# Your instructions:
Without the pictures, set down every line of the data exactly.

[[ Given data open ]]

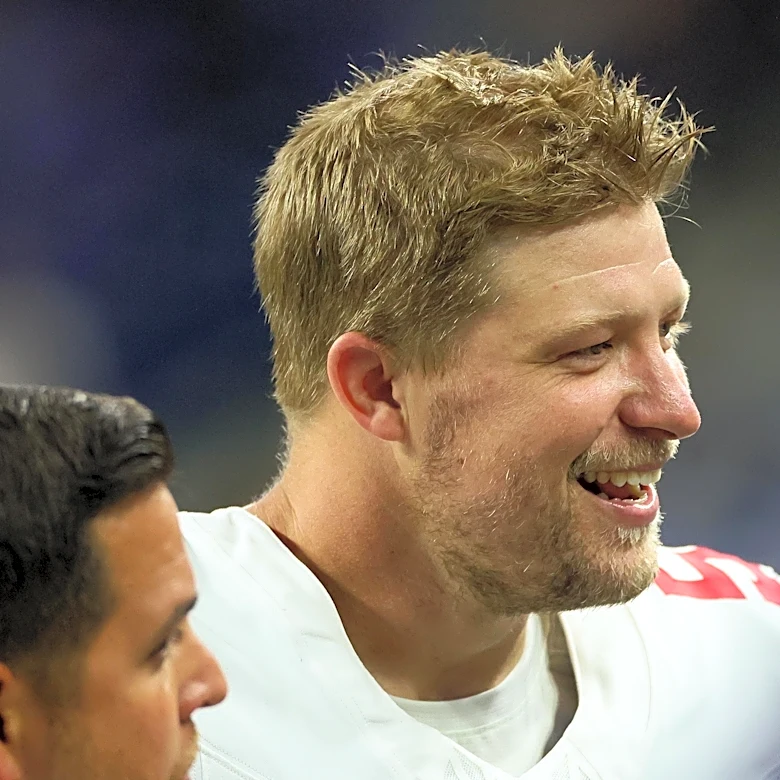 On the Cardinals roster, who is this Casey Kreiter listed?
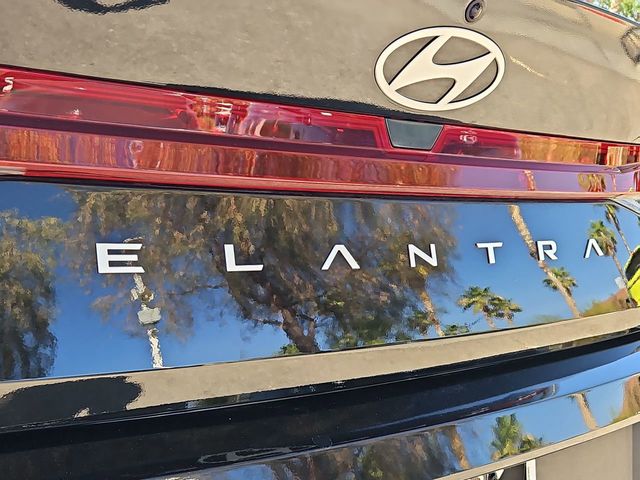 Thumbnail: 2025 Hyundai Elantra - 25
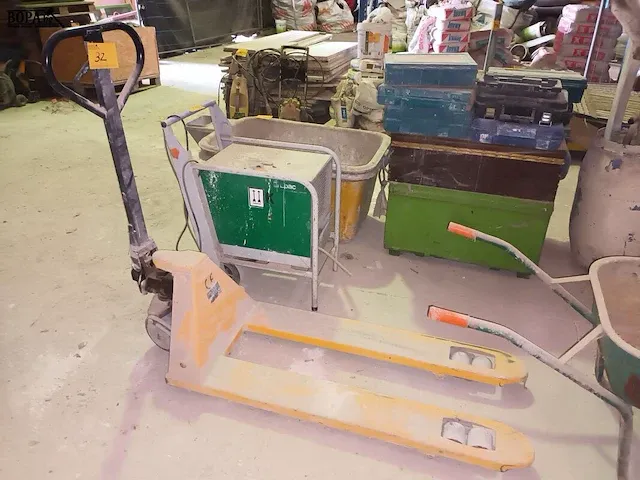 Lot 32 - transpallet 2500 kg - afbeelding 1 van  3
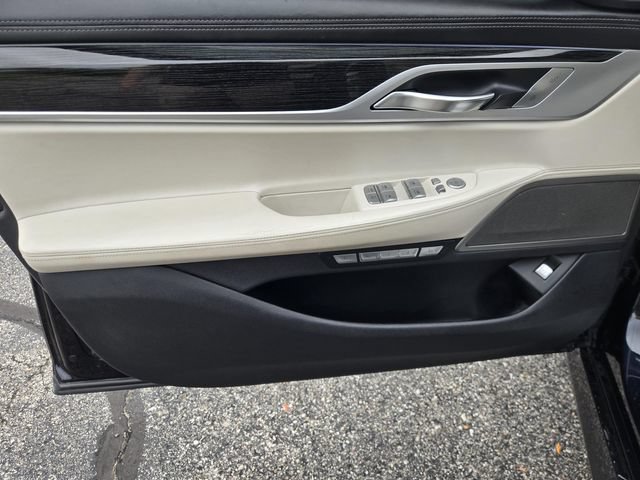 Used 2018 BMW 750i xDrive AWD/4WD image 15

[[ Given data closed ]]

# Output below:
 On the Cardinals roster, who is this Casey Kreiter listed?
 Thumbnail: 2025 Hyundai Elantra - 25
 Lot 32 - transpallet 2500 kg - afbeelding 1 van  3
 Used 2018 BMW 750i xDrive AWD/4WD image 15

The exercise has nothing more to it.